FTP Access to Ibays

From SME Server
Revision as of 10:52, 23 January 2009 by Snoble (talk | contribs) (remove dungog repo and numbering)
Jump to navigation Jump to search

IMPORTANT NOTE about group access to ftp sites

As of 6/5/7 SME automatically adds any 'group' you create to /etc/ftpusers - thereby denying ftp access to that group.

I do not know if this behavior is by design, or by accident.

In order to enable group-based ftp access to your system you will need to change the default behavior.

FTP Access to Ibays

Applies to: SME 7.1.3 / smeserver-remoteuseraccess 1.2-12
References: Lots of helpful posts
Author: mmccarn

  • Updated: 6/5/07

Objective

Allow chroot'ed access to a single ibay for a specific non-admin user.

Procedure

Install the smeserver-remoteuseraccess contrib

yum  --enablerepo=smecontribs install smeserver-remoteuseraccess
signal-event post-upgrade; signal-event reboot

Create a security group for the target user and ibay

Using server-manager:Collaboration:Groups:

  • create a new 'Group' for your user and ibay (for example "ibaygroup")

Create the target user, adding him/her to the group created above

Using server-manager:Collaboration:Users

  • create a new user (for example 'ibayuser')

During creation

  • select the group created above under 'Group Membership'

After creation

  • 'modify' your new user and set a password

Create the target ibay, granting read and write access to the group created above

Using server-manager:Collaboration:Information bays

  • create a new ibay (for example 'ibay')
  • Set the "Group" to the group you created above
  • Set "User access via file sharing or user ftp" to "Write=group, Read=group"
  • Set "Public access via web or anonymous ftp" to "Entire Internet (password required)"

Configure the SME ftp service for public access using password authentication

Using server-manager:Security:Remote Access

  • set "FTP access" to "Allow public access (entire Internet)"
  • set "FTP password access" to "Accept passwords from anywhere"

Configure chroot access using smeserver-remoteuseraccess

Using server-manager:Security:User Remote Access (new panel installed above)

  • select the user created above
  • select the desired chroot path in "Select Chroot Path". The pull-down menu will include all ibays plus links to both <ibayname>/files and <ibayname>/html.

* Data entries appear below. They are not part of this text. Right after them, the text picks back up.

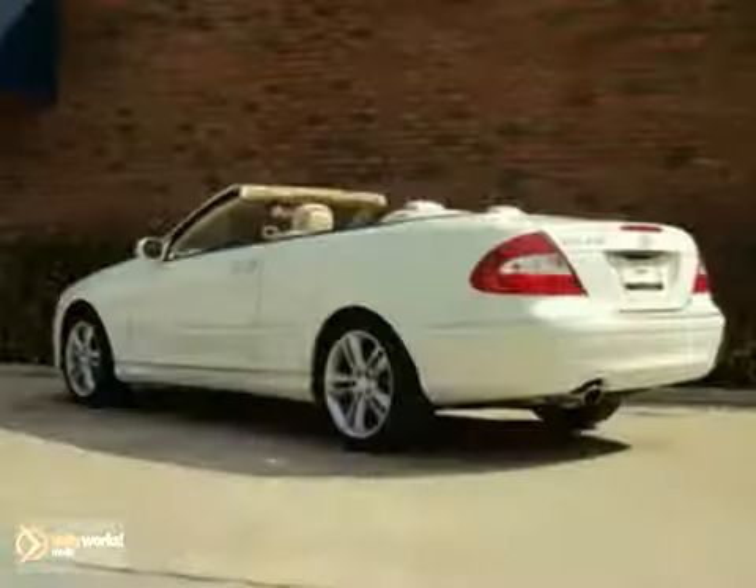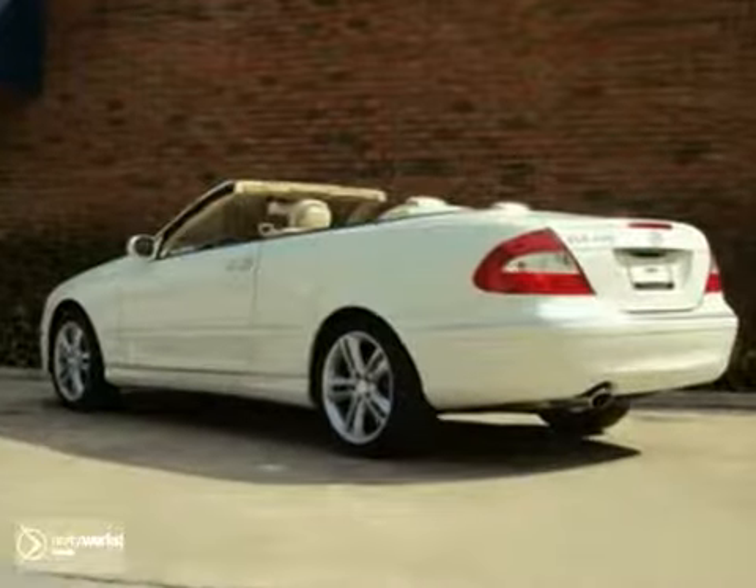And with leather memory seats and dual-zone climate control, it won't be here long. Come take it for a test drive today.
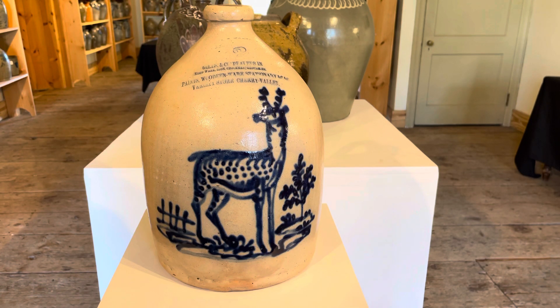Here we have an absolutely iconic American stoneware decoration, the Norton Standing Deer, on a very rare Norton advertising jug. The Norton family is probably the one most associated with deer decorations, which are one of the more desirable American stoneware decorations.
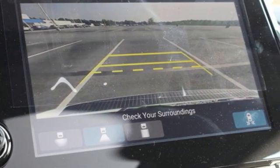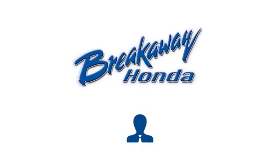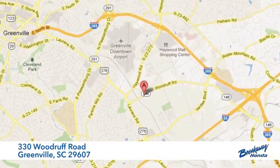Honda has a world-renowned reputation for reliability. See what it can do for you when you take it for a test drive. Call, click, or stop in today. We're conveniently located at 330 Woodruff Road in Greenville, South Carolina.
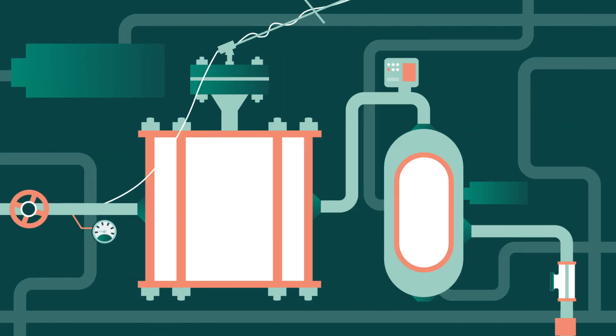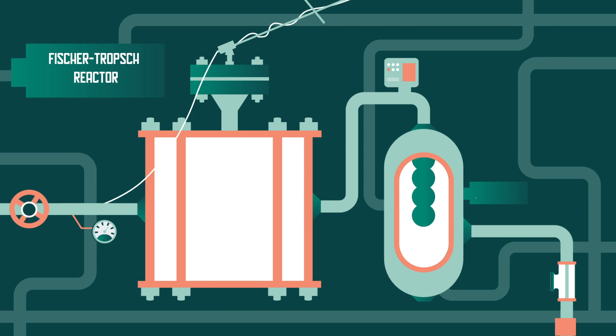In the second step, a Fischer-Tropsch reactor allows hydrogen and carbon monoxide to react together on the catalyst to produce a mixture of liquid compounds called syncrude.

If you only want users to be able to access an online ftp file store, select <ibayname>/files. If you want users to be able to update the html documents for <ibayname>, select <ibayname>/html. If <ibayname> has "Execution of dynamic content (CGI,PHP,SSI)" enabled, you probably want to select <ibayname> so that users can upload files to both <ibayname>/html and <ibayname>/cgi-bin.

Security Implications

  • ftp passes usernames and passwords over the internet in plain text; therefore, enabling ftp access from the internet using passwords is a security risk.
  • I am unaware of any security impact simply from installing smeserver-remoteuseraccess, but almost everything you can do with it does have a potential impact on your server's security.
  • I don't know if groups are added to /etc/ftpusers by design or by accident. If by design, there is probably a security implication in allowing group access to your FTP sites other than the obvious one (the more people who can access your server insecurely, the worse your security).